About this exercise: Output each line of the listing exactly, though pictures are not to appear.

Recorded data:
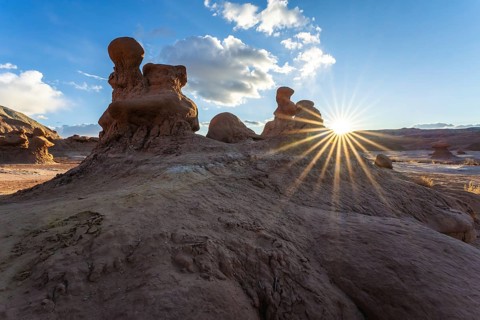 Dramatic sandstone formations in Goblin Valley State Park, Utah, USA, are illuminated by the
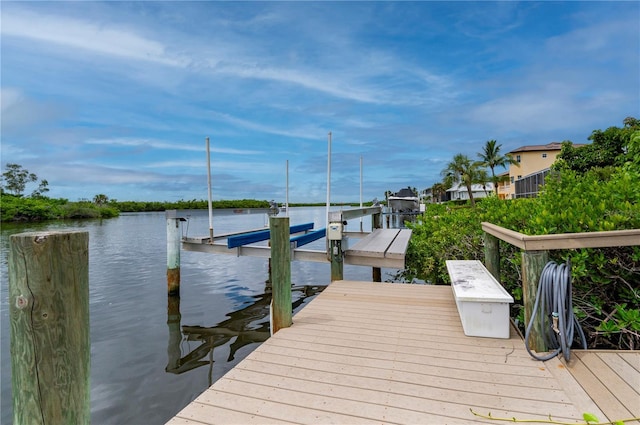 dock area with a water view and boat lift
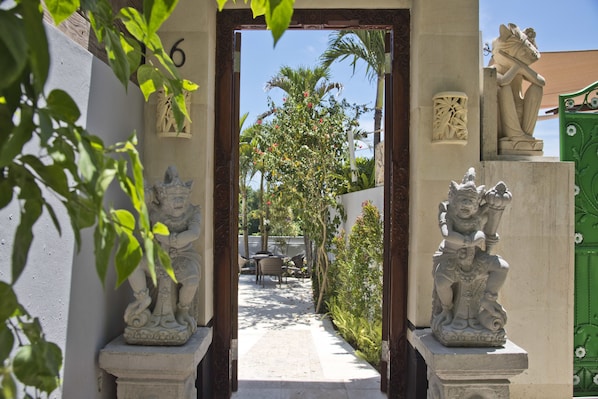 Un sendero que lleva a un patio con una estatua a la izquierda y una puerta verde a la derecha.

Response to the exercise:
 Dramatic sandstone formations in Goblin Valley State Park, Utah, USA, are illuminated by the
 dock area with a water view and boat lift
 Un sendero que lleva a un patio con una estatua a la izquierda y una puerta verde a la derecha.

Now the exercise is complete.